Task goal: Restate the listing below word for word, pictures excluded.
======== Information supplied ========
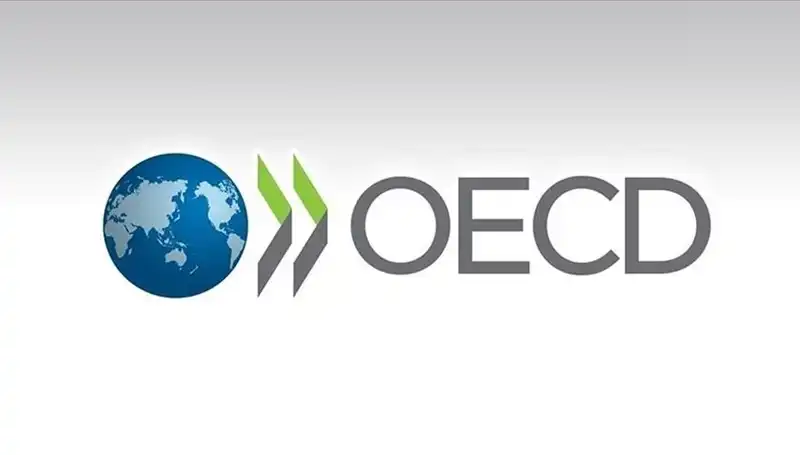OECD, Türkiye'nin Ekonomik Büyüme Tahminini Yeniden Güncelledi: İşte Yeni Rakamlar!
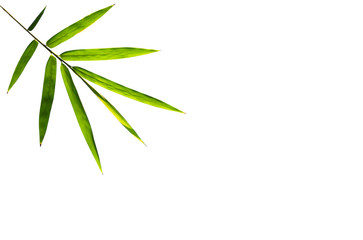 twig and bamboo leaf isolated on white background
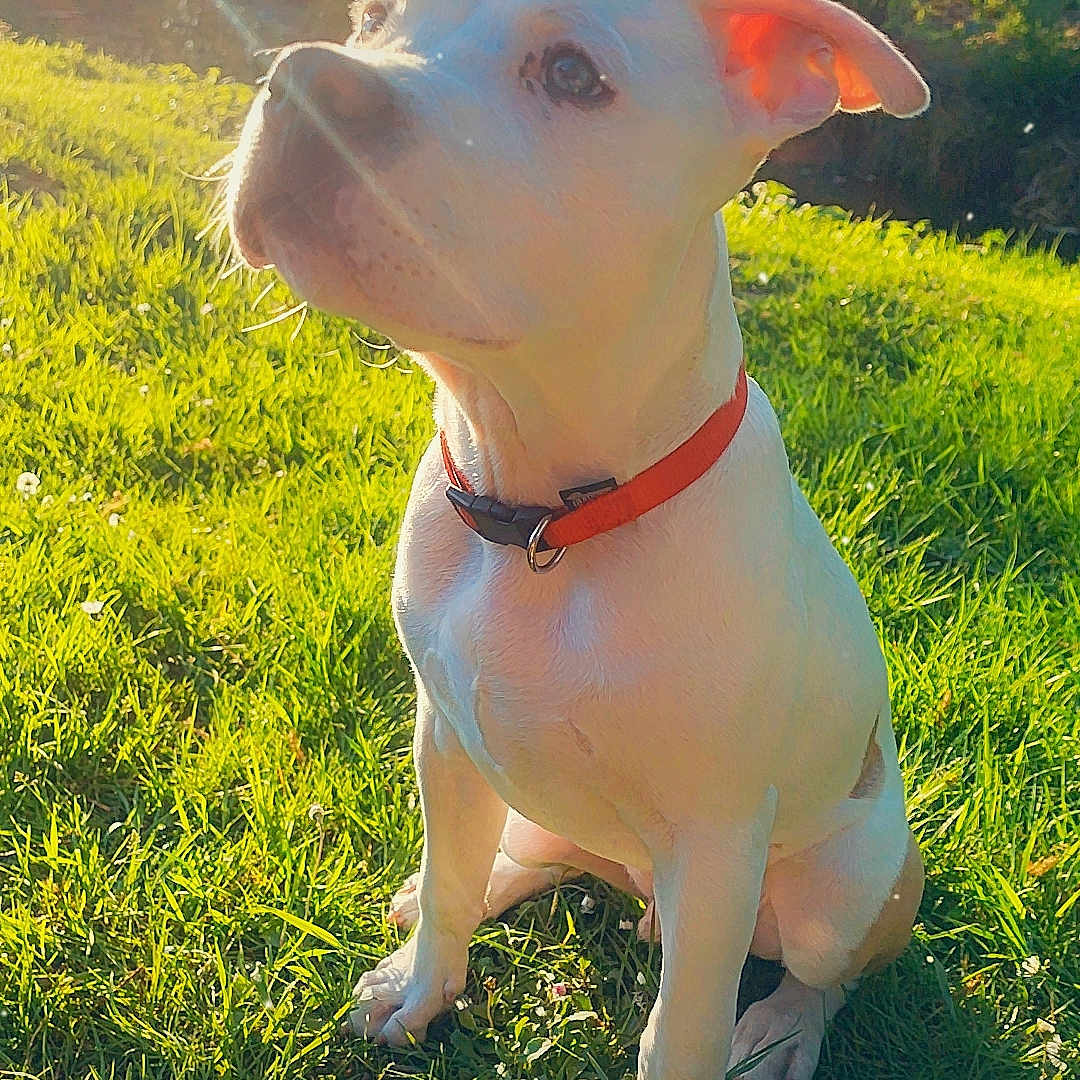 Charly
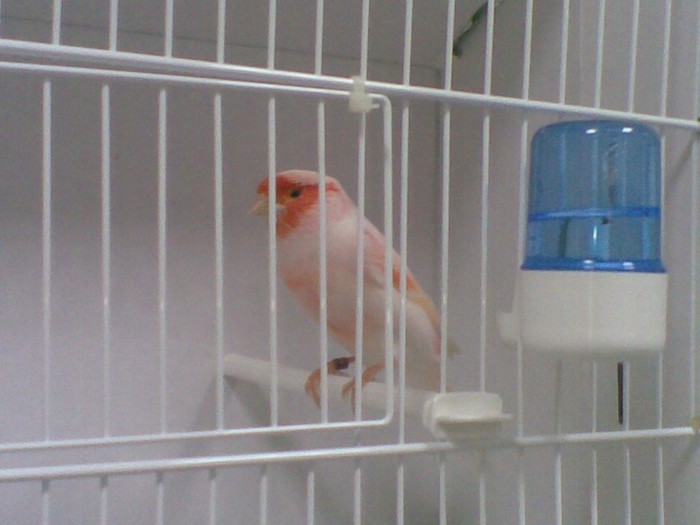 01122012(068) - Canari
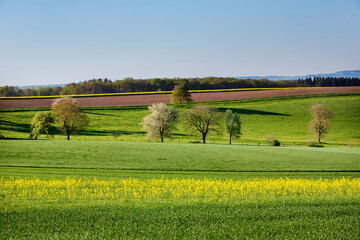 spring landscape with blossoming trees of suedeifel in the morning of a clear day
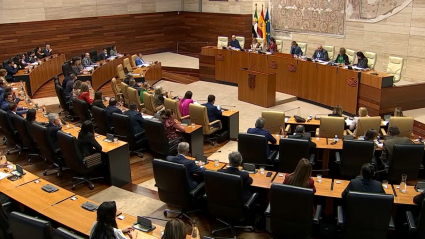 Pleno en la Asamblea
========
Answer to the exercise:
OECD, Türkiye'nin Ekonomik Büyüme Tahminini Yeniden Güncelledi: İşte Yeni Rakamlar!
 twig and bamboo leaf isolated on white background
 Charly
 01122012(068) - Canari
 spring landscape with blossoming trees of suedeifel in the morning of a clear day
 Pleno en la Asamblea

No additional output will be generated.